* WORK REQUIRED:
Without reproducing any image, print the listing below exactly.

* SOURCE DATA:
☆ ☆ ☆ ☆
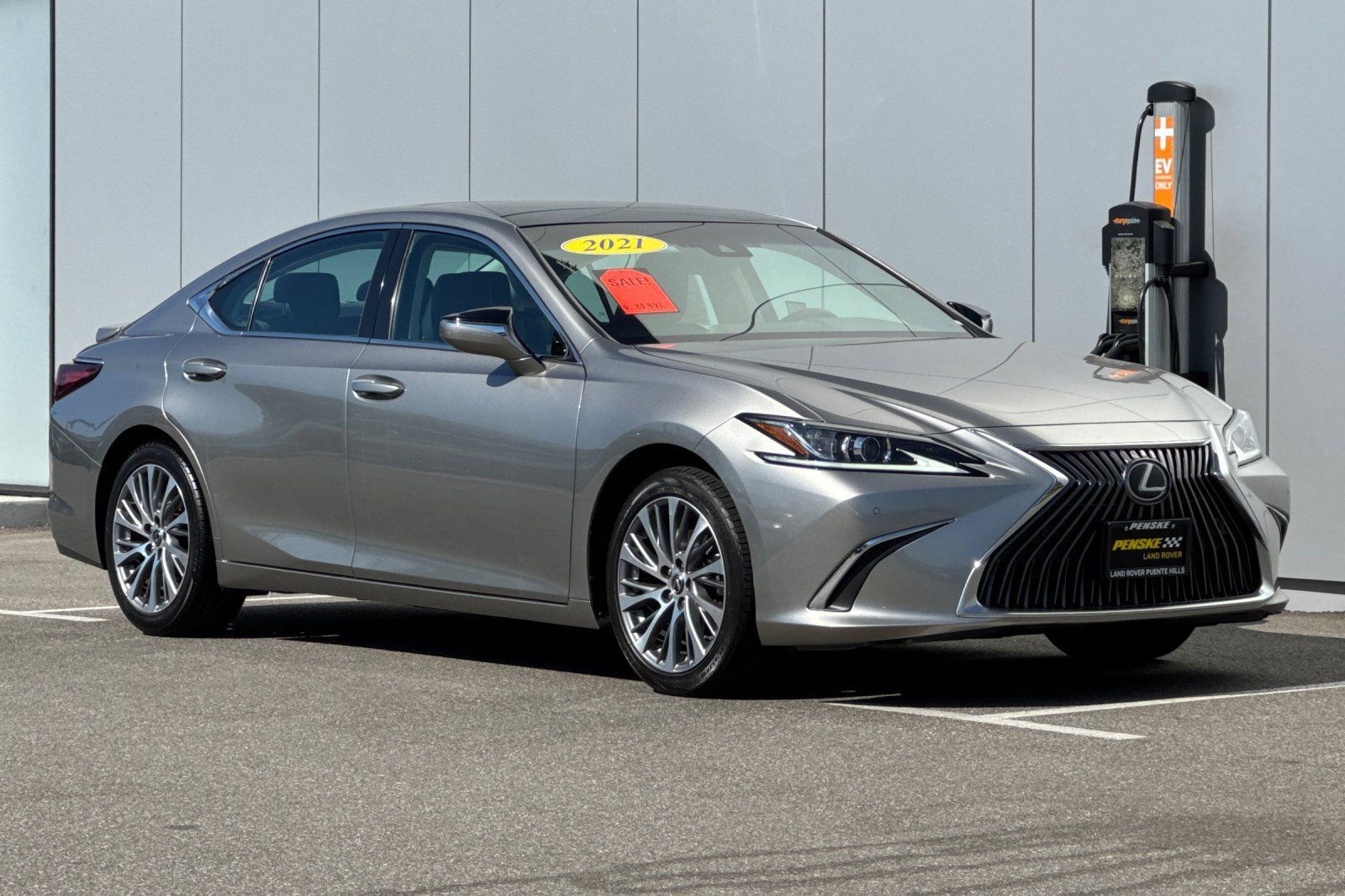 Used 2021 Lexus ES 350 w/ Premium Package FWD image 7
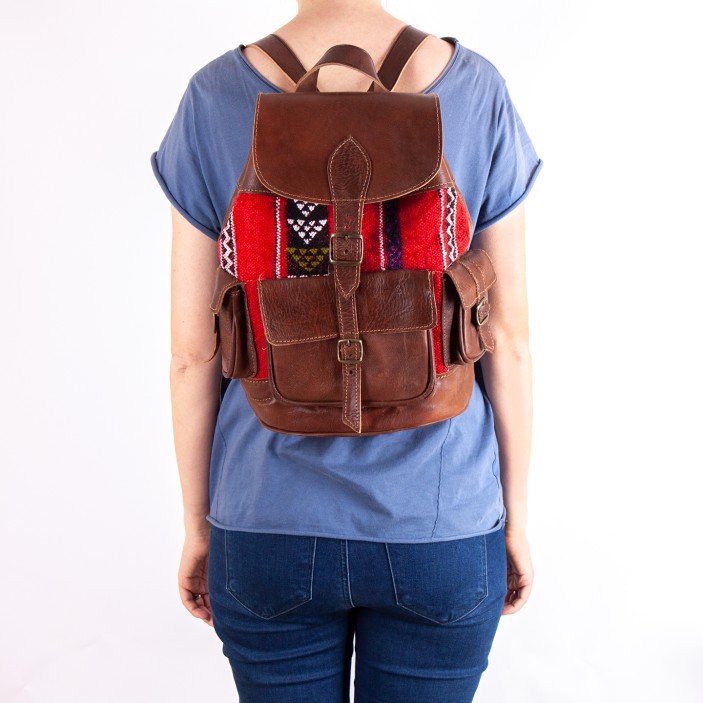 Brązowy plecak z naturalnej skóry z wełnianym etnicznym wzorem. Ręcznie wykonany w Maroku, cztery kieszenie (2)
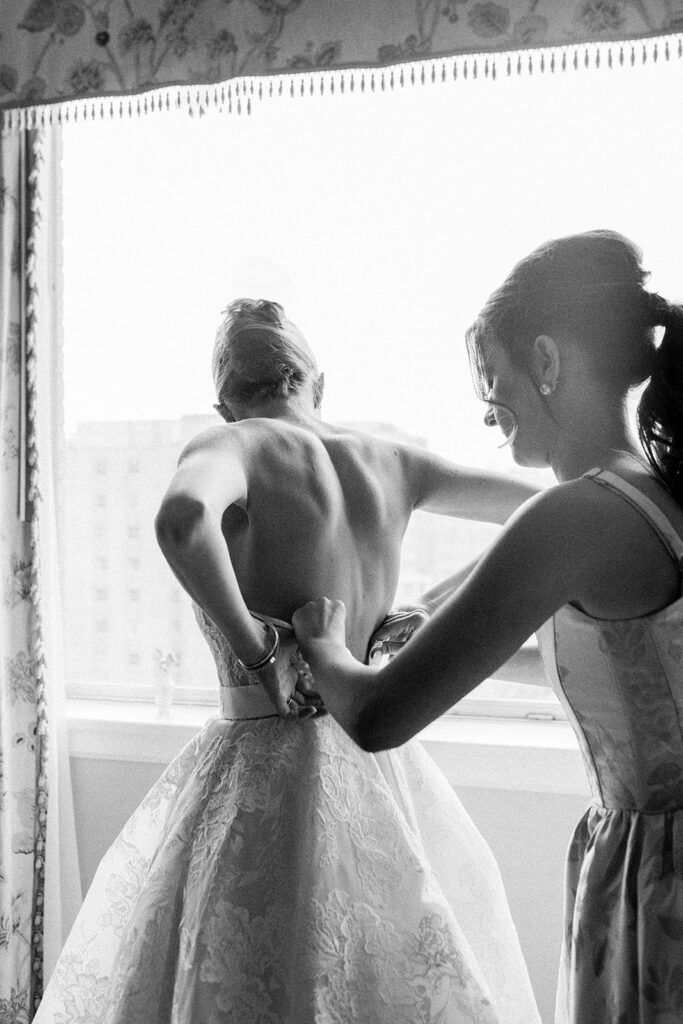 Bridal prep wedding photography tips New Orleans Hotel Monteleone bridal fashion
☆ ☆ ☆ ☆
* TASK ANSWER:
 Used 2021 Lexus ES 350 w/ Premium Package FWD image 7
 Brązowy plecak z naturalnej skóry z wełnianym etnicznym wzorem. Ręcznie wykonany w Maroku, cztery kieszenie (2)
 Bridal prep wedding photography tips New Orleans Hotel Monteleone bridal fashion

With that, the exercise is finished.